In the entries that follow, the lines from the one with "2011 Punto Evo Klima Super stan Chybie" through the one with "Volkswagen up! e- Style" are the ones to write out, exactly and with both ends included. Nothing else should appear.
*** Opening of MATERIAL PROVIDED ***
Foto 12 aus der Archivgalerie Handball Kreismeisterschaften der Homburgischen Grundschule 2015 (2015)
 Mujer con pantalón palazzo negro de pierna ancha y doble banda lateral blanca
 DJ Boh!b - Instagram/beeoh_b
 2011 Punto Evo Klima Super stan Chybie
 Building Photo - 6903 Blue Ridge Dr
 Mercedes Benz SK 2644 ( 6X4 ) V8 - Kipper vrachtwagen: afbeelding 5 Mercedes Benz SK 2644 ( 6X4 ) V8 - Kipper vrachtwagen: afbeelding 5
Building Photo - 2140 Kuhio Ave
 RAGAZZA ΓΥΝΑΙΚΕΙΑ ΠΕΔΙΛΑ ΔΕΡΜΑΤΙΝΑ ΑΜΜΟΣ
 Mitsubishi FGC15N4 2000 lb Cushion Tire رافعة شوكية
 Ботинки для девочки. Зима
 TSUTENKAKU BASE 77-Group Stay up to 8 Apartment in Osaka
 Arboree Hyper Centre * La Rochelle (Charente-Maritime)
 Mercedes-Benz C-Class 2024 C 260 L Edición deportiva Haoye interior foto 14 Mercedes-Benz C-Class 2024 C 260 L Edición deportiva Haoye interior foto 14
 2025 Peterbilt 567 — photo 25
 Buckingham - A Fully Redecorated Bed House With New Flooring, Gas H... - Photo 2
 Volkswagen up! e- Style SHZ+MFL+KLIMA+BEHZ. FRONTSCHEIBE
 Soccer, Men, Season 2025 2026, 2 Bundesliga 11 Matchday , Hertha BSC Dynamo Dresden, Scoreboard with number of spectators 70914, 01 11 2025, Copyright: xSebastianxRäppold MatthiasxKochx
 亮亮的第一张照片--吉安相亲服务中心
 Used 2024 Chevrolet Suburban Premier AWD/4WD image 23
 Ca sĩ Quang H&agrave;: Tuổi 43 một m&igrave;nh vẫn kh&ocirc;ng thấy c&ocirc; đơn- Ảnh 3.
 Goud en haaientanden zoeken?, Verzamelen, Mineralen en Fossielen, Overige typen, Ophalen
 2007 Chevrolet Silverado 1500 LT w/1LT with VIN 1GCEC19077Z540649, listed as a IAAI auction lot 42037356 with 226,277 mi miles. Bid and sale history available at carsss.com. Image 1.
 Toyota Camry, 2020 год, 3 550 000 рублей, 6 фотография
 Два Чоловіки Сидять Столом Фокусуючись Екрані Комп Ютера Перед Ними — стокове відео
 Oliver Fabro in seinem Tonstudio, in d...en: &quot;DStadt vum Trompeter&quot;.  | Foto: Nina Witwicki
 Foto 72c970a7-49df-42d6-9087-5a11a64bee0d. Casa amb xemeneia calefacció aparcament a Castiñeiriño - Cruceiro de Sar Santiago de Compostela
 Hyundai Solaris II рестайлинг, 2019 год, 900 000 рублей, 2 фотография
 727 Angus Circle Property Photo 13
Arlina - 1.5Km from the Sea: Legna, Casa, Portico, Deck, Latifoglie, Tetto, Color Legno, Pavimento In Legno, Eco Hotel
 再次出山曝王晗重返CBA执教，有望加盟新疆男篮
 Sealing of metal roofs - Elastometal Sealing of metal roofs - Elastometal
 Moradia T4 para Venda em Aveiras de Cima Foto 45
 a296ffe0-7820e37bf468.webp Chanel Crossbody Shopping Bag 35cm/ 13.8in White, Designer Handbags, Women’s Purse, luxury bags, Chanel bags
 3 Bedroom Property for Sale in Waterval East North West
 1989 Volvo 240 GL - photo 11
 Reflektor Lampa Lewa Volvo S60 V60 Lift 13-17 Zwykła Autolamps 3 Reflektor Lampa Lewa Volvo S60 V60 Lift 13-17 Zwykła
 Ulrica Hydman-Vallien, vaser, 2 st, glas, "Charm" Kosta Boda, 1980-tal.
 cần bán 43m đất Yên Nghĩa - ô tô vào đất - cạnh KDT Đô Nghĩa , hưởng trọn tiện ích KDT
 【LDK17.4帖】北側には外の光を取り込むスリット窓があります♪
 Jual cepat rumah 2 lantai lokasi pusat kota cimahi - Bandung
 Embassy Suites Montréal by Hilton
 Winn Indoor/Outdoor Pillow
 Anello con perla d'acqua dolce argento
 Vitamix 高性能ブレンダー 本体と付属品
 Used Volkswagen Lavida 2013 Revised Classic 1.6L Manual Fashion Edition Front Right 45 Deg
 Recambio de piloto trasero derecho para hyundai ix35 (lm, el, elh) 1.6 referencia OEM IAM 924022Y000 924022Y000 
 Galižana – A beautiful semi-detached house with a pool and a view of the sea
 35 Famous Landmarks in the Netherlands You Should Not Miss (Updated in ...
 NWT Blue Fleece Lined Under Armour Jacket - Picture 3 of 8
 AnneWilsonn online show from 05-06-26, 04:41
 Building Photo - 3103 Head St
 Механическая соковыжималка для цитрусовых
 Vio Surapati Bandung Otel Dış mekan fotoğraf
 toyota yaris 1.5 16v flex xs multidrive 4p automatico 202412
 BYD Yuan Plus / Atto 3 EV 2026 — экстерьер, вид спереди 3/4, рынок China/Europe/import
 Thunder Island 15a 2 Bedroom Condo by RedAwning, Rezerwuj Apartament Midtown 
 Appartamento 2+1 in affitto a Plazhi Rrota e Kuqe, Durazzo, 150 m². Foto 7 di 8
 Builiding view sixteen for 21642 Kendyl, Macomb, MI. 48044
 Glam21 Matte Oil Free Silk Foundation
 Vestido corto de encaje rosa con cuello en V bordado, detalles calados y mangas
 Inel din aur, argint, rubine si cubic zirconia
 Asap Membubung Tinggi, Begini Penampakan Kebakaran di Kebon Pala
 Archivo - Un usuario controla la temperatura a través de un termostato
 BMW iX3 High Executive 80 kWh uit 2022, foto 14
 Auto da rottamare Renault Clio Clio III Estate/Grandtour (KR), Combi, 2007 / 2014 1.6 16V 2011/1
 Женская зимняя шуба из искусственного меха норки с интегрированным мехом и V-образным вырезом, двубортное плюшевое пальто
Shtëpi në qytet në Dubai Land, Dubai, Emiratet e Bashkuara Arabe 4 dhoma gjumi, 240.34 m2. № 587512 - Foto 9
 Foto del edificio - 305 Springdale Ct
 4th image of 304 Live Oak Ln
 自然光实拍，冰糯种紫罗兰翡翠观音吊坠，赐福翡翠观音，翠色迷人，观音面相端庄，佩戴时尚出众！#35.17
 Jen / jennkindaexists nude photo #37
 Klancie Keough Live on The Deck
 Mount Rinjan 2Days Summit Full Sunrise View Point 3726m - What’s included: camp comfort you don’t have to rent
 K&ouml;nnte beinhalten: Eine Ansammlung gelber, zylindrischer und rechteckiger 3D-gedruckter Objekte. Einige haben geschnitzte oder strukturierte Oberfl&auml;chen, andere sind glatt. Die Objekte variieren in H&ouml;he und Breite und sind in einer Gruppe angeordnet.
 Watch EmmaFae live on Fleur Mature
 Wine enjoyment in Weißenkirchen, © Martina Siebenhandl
*** Close of MATERIAL PROVIDED ***
§ FINISHED TASK
 2011 Punto Evo Klima Super stan Chybie
 Building Photo - 6903 Blue Ridge Dr
 Mercedes Benz SK 2644 ( 6X4 ) V8 - Kipper vrachtwagen: afbeelding 5 Mercedes Benz SK 2644 ( 6X4 ) V8 - Kipper vrachtwagen: afbeelding 5
Building Photo - 2140 Kuhio Ave
 RAGAZZA ΓΥΝΑΙΚΕΙΑ ΠΕΔΙΛΑ ΔΕΡΜΑΤΙΝΑ ΑΜΜΟΣ
 Mitsubishi FGC15N4 2000 lb Cushion Tire رافعة شوكية
 Ботинки для девочки. Зима
 TSUTENKAKU BASE 77-Group Stay up to 8 Apartment in Osaka
 Arboree Hyper Centre * La Rochelle (Charente-Maritime)
 Mercedes-Benz C-Class 2024 C 260 L Edición deportiva Haoye interior foto 14 Mercedes-Benz C-Class 2024 C 260 L Edición deportiva Haoye interior foto 14
 2025 Peterbilt 567 — photo 25
 Buckingham - A Fully Redecorated Bed House With New Flooring, Gas H... - Photo 2
 Volkswagen up! e- Style SHZ+MFL+KLIMA+BEHZ. FRONTSCHEIBE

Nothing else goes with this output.